Opinión

Jesús Moreno

A pie de calle

Polvo amado y enamorado

18 de marzo de 2020

En nuestro mundo enriquecido, orgulloso de su tecnología, de sus avances, de sus grandes logros en todos los terrenos… ha hecho su entrada, sin avisar, un pequeño virus que ha puesto todo patas arriba. En este mundo tan orgulloso de sí mismo, que pensaba que las epidemias eran cosa de otras partes del mundo, de otro tiempo… ha aparecido algo que no se había ido, pero que quizás estábamos olvidando: su vulnerabilidad, nuestra vulnerabilidad.

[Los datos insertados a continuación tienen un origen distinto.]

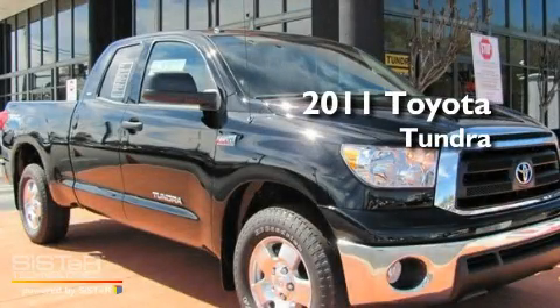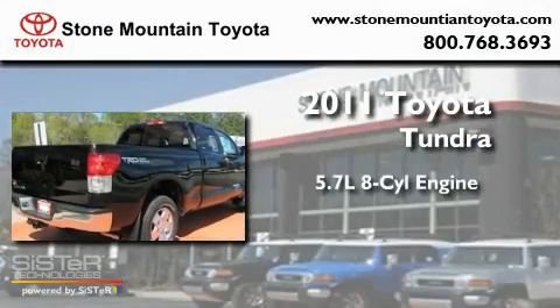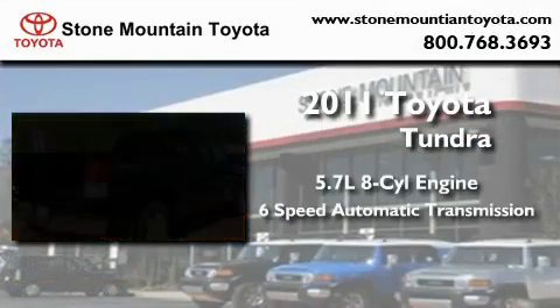This is a brand-new 2011 Toyota Tundra. It has a 5.7-liter 8-cylinder engine and a 6-speed automatic transmission.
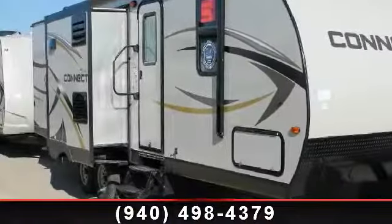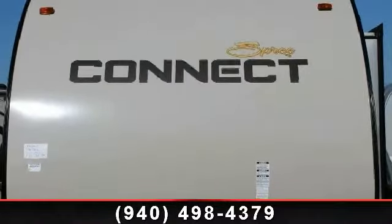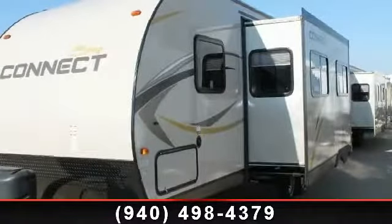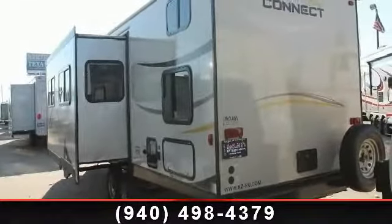Imagine yourself in this 2014 KZ Spree Connect 290X. Whether you are planning on vacationing, adventuring, or just relaxing, this travel trailer does it all. This unit is perfect for those looking to maximize fuel efficiency but maintain all of the conveniences of a well-appointed, feature-packed RV. An adventure awaits.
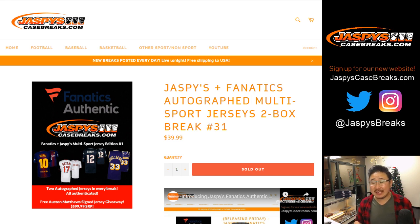Good evening, everyone. Joe for Jaspi's CaseBreaks.com with a two-box random division break number 31 of our Jaspi's Fanatics autographed jersey break. We only have four boxes left, only two breaks left. After this current break right here, 31, we've got one more break after that, and then we can do our second chance hit list promo where you can win an Austin Matthews autographed jersey.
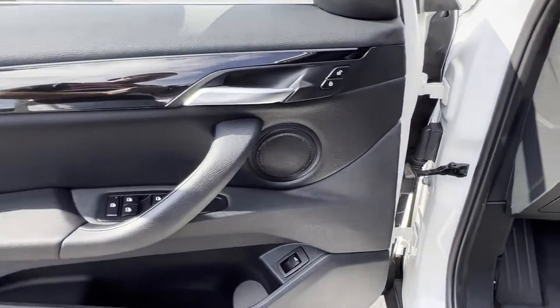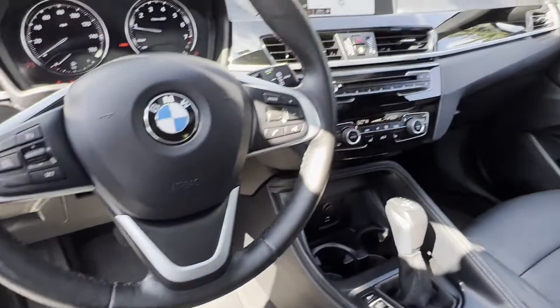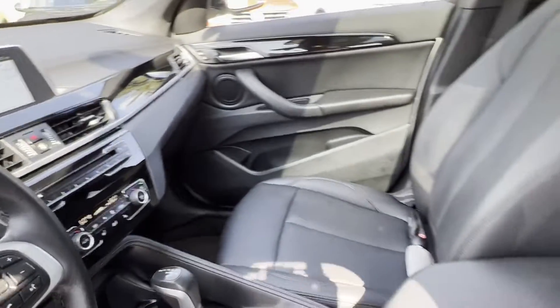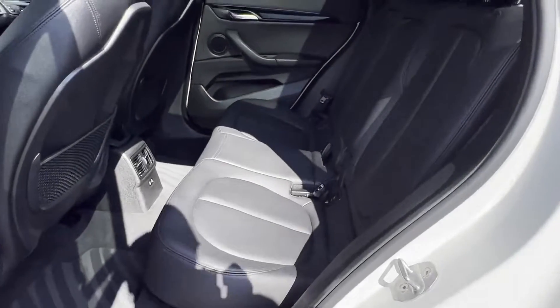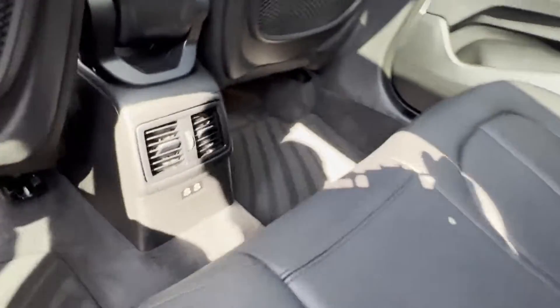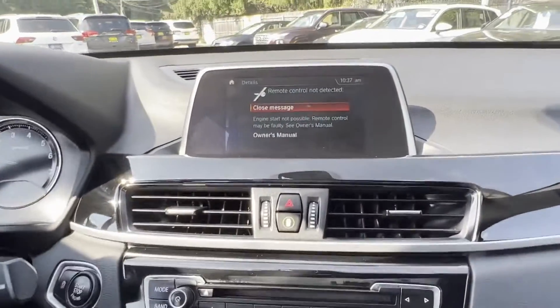2019 BMW X1 with less than 29,000 miles on the odometer. This SUV offers space as well as power and performance. It looks as sharp as it performs, with stylish features which include side view mirrors with turn signals and lane departure warning.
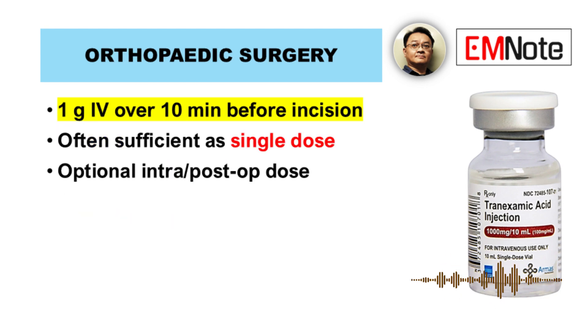For orthopedic procedures, a single 1 gram intravenous dose before incision is typically sufficient. Some protocols include additional intraoperative or postoperative doses, but evidence supports the effectiveness of a single preoperative dose.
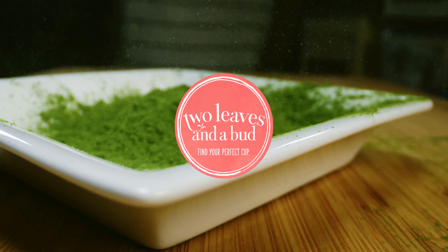At Two Leaves and a Bud, we offer a range of high-quality Japanese grown matchas. Our Nice Matcha is a less sweet matcha mix designed for lattes and smoothies. Our unsweetened Everyday Matcha is the perfect base for beverages and baking. And our organic single-serve Ceremonial Matcha is ideal for traditional hot matcha tea and for a POP retail item.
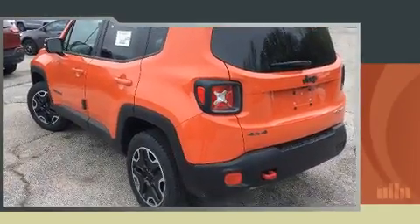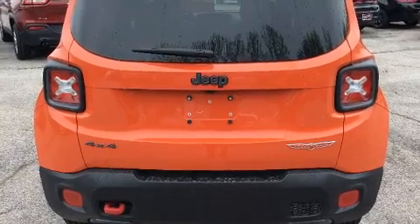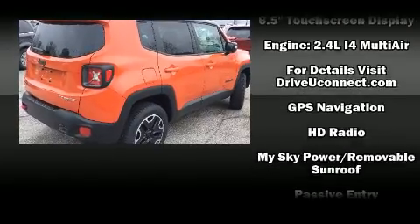All of the premium features expected of a Jeep are offered, including a leather steering wheel, power door mirrors and heated door mirrors, skid plates, rain-sensing wipers, and much more.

En nuestro modo de vivir despreocupado, pendientes del tener de todo, de disfrutar hoy, mañana y pasado mañana, de consumir y tirar… lo normal era dar la mano, besar, sonreír, abrazar, pasear, encontrarnos con los amigos en la fiesta, en el bar. Tan normal que no pensábamos en su necesidad, su belleza, su alegría serena y de cada día. Un diminutivo virus, que nos ha privado de estos gestos, nos está recordando su belleza y su valor impagable.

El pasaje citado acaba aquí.